Let’s say that Student A is an Economics major. As an Economics major, Student A needs to take Math 4 and Econ 15A before taking most upper-division courses, but it seems that these two classes were co-requisites for each other (this rule is no longer in place as of 2019). This means both classes need to be taken at the same time, or not at all. Both of these classes are incredibly impacted, and Math 4 has less than 100 spots in the class, with one class offered per quarter. This makes enrolling in the class very difficult, considering the number of Economics majors that also need to take the class.
Without enough classes offered, Math 4 fills up within the first week of class enrollment, and Student A is out of luck. Student A must enroll in another class, but what was the opportunity cost?

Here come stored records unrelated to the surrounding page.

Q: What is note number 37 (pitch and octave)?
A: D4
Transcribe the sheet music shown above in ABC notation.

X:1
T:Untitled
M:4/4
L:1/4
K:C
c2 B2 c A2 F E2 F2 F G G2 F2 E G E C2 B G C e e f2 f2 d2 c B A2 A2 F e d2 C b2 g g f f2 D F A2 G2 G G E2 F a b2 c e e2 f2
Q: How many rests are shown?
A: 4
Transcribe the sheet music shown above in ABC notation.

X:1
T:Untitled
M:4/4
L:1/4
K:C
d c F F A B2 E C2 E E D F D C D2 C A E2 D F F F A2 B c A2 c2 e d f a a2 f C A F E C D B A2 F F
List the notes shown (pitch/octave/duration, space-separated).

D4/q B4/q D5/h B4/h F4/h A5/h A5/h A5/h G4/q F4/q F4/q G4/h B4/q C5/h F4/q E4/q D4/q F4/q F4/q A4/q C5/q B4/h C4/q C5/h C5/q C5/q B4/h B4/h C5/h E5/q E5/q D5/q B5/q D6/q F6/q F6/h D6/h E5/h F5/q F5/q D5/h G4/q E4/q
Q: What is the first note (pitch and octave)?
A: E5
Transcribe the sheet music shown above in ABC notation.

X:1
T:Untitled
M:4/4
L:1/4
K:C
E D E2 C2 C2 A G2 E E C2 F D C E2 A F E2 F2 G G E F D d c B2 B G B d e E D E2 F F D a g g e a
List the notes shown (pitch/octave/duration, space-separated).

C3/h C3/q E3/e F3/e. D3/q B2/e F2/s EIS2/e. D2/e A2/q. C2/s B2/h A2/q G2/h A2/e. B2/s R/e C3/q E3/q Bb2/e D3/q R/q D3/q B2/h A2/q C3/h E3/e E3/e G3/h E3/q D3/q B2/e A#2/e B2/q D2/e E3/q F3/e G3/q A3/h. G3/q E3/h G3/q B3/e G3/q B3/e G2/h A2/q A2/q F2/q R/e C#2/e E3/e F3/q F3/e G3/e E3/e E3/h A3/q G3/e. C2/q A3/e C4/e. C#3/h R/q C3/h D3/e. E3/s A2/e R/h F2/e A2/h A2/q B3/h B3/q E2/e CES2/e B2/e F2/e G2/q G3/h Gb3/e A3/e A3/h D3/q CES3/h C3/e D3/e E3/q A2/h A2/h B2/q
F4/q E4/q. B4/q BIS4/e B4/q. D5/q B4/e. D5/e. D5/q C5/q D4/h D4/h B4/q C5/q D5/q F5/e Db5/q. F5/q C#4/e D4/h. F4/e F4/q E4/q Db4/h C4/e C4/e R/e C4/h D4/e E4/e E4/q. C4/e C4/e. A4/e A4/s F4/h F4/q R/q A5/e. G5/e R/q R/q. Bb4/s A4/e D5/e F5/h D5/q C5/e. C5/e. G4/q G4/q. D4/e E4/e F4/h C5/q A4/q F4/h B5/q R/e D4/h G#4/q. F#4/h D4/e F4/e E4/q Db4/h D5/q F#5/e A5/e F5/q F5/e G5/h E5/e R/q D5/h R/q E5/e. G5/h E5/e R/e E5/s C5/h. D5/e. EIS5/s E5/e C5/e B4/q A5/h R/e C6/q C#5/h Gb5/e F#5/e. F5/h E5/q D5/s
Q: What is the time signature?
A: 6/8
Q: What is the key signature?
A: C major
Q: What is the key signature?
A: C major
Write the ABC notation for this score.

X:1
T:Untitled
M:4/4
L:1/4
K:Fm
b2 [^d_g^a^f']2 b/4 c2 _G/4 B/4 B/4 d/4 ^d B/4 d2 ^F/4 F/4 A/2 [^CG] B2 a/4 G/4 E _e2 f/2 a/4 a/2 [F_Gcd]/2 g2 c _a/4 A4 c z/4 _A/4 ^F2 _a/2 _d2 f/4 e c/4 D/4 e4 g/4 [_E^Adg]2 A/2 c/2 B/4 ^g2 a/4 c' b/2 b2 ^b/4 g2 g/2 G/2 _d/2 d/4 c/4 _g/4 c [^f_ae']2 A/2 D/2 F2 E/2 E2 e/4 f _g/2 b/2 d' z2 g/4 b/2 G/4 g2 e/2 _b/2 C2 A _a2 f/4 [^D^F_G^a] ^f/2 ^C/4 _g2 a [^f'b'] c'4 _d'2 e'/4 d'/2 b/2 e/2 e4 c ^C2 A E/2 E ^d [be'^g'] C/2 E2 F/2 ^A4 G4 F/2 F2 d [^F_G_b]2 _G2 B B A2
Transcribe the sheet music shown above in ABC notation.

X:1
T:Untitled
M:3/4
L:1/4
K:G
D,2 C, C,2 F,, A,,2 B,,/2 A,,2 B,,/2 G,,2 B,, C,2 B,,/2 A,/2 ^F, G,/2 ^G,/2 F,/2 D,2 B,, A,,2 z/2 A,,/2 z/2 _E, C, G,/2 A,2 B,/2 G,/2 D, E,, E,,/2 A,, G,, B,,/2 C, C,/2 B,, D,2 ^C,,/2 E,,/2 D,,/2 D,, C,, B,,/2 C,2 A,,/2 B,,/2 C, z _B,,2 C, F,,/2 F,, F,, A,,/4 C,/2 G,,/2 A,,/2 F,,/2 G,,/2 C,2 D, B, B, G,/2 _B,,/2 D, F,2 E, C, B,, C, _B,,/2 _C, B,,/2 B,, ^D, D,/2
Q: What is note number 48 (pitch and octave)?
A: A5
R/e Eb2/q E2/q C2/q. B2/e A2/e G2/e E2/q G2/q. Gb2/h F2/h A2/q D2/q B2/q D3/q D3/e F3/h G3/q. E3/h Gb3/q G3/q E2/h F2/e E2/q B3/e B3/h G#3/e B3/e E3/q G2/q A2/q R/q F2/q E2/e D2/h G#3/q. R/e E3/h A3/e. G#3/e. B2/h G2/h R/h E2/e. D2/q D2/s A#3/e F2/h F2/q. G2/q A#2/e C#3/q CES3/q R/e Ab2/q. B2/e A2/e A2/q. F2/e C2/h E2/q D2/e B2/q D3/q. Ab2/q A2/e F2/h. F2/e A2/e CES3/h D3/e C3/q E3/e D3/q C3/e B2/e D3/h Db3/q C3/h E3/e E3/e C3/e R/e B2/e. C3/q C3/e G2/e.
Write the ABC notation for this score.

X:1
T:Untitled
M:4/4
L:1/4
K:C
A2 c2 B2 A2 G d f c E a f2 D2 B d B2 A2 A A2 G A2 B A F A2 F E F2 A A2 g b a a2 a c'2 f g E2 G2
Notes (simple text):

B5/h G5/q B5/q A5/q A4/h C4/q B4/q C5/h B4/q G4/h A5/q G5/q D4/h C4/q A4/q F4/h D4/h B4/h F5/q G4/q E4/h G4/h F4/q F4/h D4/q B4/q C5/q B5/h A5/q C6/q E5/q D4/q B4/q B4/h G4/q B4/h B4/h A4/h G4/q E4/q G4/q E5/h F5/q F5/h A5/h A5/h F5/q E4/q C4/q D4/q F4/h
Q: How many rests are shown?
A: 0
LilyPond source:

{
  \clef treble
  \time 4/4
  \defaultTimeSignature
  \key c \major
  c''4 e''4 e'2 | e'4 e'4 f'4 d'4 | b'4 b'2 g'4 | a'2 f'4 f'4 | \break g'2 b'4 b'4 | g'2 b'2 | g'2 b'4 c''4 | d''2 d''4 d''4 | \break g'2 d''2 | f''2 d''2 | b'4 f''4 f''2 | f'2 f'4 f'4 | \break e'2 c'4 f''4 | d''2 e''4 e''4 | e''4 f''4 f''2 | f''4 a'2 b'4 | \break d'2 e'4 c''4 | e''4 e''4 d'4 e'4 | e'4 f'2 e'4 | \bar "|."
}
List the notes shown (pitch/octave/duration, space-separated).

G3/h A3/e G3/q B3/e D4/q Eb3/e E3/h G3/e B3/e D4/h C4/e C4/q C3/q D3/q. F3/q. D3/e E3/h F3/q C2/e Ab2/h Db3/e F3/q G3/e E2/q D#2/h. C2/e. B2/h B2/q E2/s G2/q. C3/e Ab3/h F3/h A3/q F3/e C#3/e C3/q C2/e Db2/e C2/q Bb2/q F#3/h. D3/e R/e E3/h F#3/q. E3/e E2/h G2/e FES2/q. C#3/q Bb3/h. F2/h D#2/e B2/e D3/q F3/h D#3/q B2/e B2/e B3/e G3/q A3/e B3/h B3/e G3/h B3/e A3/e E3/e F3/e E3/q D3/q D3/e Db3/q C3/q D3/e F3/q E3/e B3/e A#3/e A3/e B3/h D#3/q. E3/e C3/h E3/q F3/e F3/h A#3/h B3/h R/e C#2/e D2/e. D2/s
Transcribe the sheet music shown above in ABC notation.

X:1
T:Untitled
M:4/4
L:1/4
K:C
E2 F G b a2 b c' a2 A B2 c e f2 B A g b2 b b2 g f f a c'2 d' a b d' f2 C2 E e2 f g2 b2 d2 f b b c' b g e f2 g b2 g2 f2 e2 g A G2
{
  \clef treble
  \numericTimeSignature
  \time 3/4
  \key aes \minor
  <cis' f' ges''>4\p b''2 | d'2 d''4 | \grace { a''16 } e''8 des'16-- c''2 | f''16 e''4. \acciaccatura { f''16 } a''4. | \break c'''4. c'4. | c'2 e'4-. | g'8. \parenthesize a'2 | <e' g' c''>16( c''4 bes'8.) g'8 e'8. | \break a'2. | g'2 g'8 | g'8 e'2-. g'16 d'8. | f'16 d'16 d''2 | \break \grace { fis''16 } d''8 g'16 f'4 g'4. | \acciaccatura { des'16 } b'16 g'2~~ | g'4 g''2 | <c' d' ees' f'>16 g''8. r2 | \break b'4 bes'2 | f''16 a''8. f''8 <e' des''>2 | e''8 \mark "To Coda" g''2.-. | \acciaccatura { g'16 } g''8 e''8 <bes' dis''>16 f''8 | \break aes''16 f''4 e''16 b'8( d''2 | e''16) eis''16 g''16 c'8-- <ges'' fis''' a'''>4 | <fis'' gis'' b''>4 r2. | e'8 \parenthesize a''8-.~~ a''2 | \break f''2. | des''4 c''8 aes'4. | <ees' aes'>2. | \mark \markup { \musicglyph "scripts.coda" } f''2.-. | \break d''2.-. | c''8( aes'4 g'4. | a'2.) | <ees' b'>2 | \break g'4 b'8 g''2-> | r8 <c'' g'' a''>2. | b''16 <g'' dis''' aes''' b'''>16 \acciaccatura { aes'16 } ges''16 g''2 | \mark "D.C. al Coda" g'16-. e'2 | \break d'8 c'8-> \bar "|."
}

Given that these classes are prerequisites for a number of upper-division classes, Student A not has to wait another quarter to enroll in the class, but falls behind in completing their major-required classes as well. The lost class credit of Math 4, as well as the lost content that could have been learned, are explicit costs of the shortage of classes. Being unable to complete other classes while waiting to take Math 4 costs Student A time, an implicit cost of the situation.
Conclusion
As you can probably infer, students with later enrollment windows are faced with a disadvantage when enrolling for classes, but the competition isn’t always friendly. Though the free market can be an efficient and industrious way to run an economy, it isn’t always the best way to run class registration.